-Espera um minuto que eu vou buscar o meu diário ao quarto.
A lua sobe no céu, redonda e prateada, iluminando mais do que a luz mortiça do candeeiro colocado sobre a toalha de plástico na mesa da cozinha.
Hyunjung Go está de volta. No rosto, um sorriso; nas mãos, um pequeno caderno de múltiplas cores que coloca sob o candeeiro e aberto numa página com uns caracteres indecifráveis desenhados a tinta vermelha.
- Estás pronto?
Aceno com a cabeça em sinal afirmativo e encho os copos.
“Nunca havia visto, em toda a minha vida, tantos animais na berma da estrada como no percurso entre Tbilissi e Kakheti. Vacas e ovelhas surgiam no caminho com uma frequência inusitada. Hoje é dia 18 de Outubro, faz calor mas não muito, adivinha-se um dia maravilhoso para apanhar uvas.”
As nuvens galopam à volta da lua. A jovem sul-coreana cheira o vinho e praticamente só molha os lábios, num gesto delicado que me transporta no tempo. Parece que ainda estou a ouvir a voz.
- Natela!
Chegara à pequena aldeia ao início da tarde, por todo o lado reinava o silêncio e no meu estômago mandava a fome. Um homem, com uma vida bem preenchida pelos anos e uma barba grisalha, despejava erva daninha num contentor. Ao lado dele, um jovem parecia admirar a sua energia mas não levantava um dedo para o ajudar. Dirigi-me ao mais velho, perguntei se havia um restaurante nas proximidades e, em russo e em linguagem gestual, percebi que direcção devia tomar, atravessando a ponte que ligava as duas margens.

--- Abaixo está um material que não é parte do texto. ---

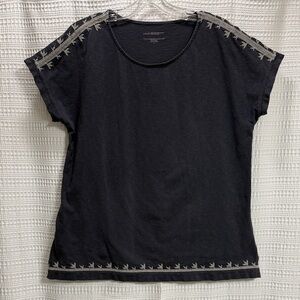 Pure Jill Grey Embroidered Dolman Tunic SZ M cross stitch details India cotton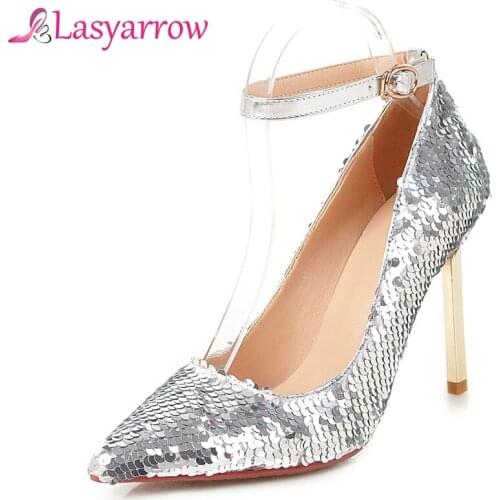 Lasyarrow Ladies Silver Bling Bling Wedding Shoes Glittering Sequined Pumps High Heel Stiletto Heel Pointed Toe Pumps New 2019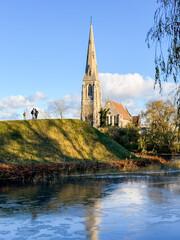 St. Alban's Church, or English Anglican Church in Copenhagen, with clear blue sky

No meu russo muito pobre, expliquei de onde vinha e o que fazia. Os dois trocaram palavras que aos meus ouvidos soavam como murmúrios, até que o ancião, com uma expressão dócil, se dirigiu a mim, com as mãos fazendo-me sinal para o acompanhar, a ele e ao carrinho de mão que empurrava, ao longo de um trilho de terra batida e à sombra das videiras e de outras árvores de fruto.
- Natela, Natela!
Valiko Sadagachvili convida-me a lavar as mãos e ele faz o mesmo, esfregando-as bem. Do pátio exterior da casa modesta seguimos para um pequeno anexo, onde parece caber tudo e nada faltar: há uvas penduradas numa trave de madeira, vinho branco em garrafões de plástico, fruta em conserva, maçãs e cebolas. A meia dúzia de metros a mulher prepara queijo. Valiko Sadagachvili, sentado numa cadeira, bate com a mão na testa, sentindo-se culpado por uma queda que lhe afectou a vista direita. Mas logo recupera a sua vitalidade, levanta-se e escolhe, de entre os garrafões, o vinho que lhe parece mais apropriado para a ocasião.
- Só uvas, nada mais.
Faltam-me as palavras e, mesmo que sobrassem, seriam esmagadas perante a forma tão familiar como sou recebido. Um sentimento de gratidão enche todo o meu ser e não me irá abandonar durante umas horas.
Valiko Sadagachvili enche dois copos, levanta o dele, um sorriso bonito desenha-se-lhe no rosto e brinda:
- Nazdarovya!
Valiko Sadagachvili bebe de um trago, eu limito-me a provar e ele olha-me com espanto por não o imitar.
Identidade nacional
A chama, desperta por uma brisa suave, espalha-se pela parede e o diário fica por momentos numa semipenumbra. Hyunjung Go bebe um pequeno gole do vinho tinto, saboreando-o, como faz a maior parte do povo georgiano — e não é difícil cair em exageros quando se fala da importância do vinho para esta nação de quatro milhões de habitantes.